Exercise input:
■ ■ ■ ■ ■ ■ ■
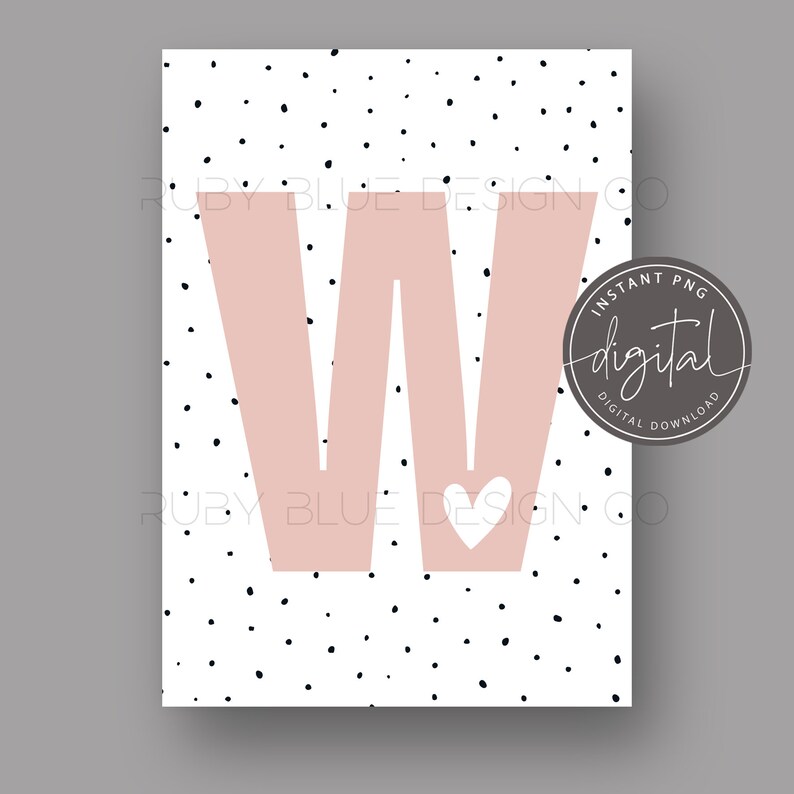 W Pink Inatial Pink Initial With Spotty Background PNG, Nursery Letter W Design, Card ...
■ ■ ■ ■ ■ ■ ■
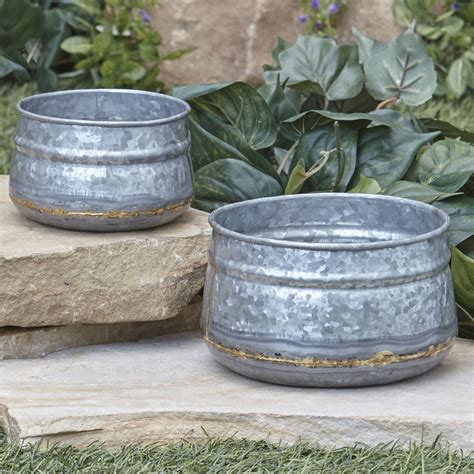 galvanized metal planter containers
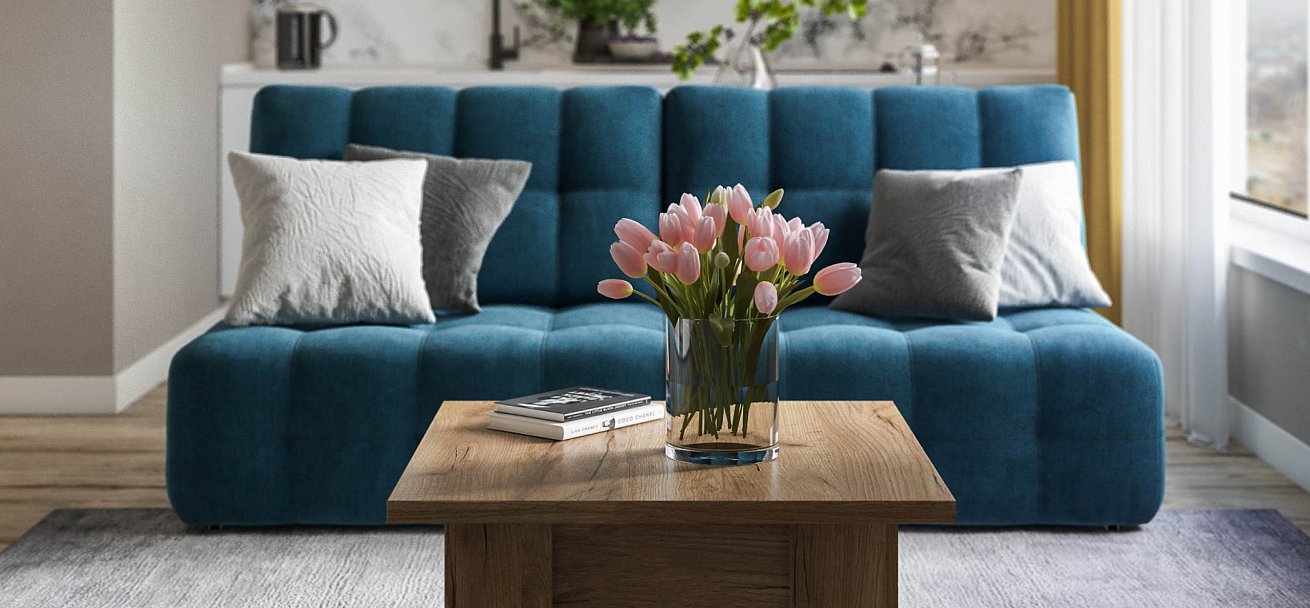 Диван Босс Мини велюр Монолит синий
■ ■ ■ ■ ■ ■ ■
From the listing above, restate verbatim the lines running from the one with "galvanized metal planter containers" through the one with "Диван Босс Мини велюр Монолит синий", inclusive, but not the pictures.

 galvanized metal planter containers
 Диван Босс Мини велюр Монолит синий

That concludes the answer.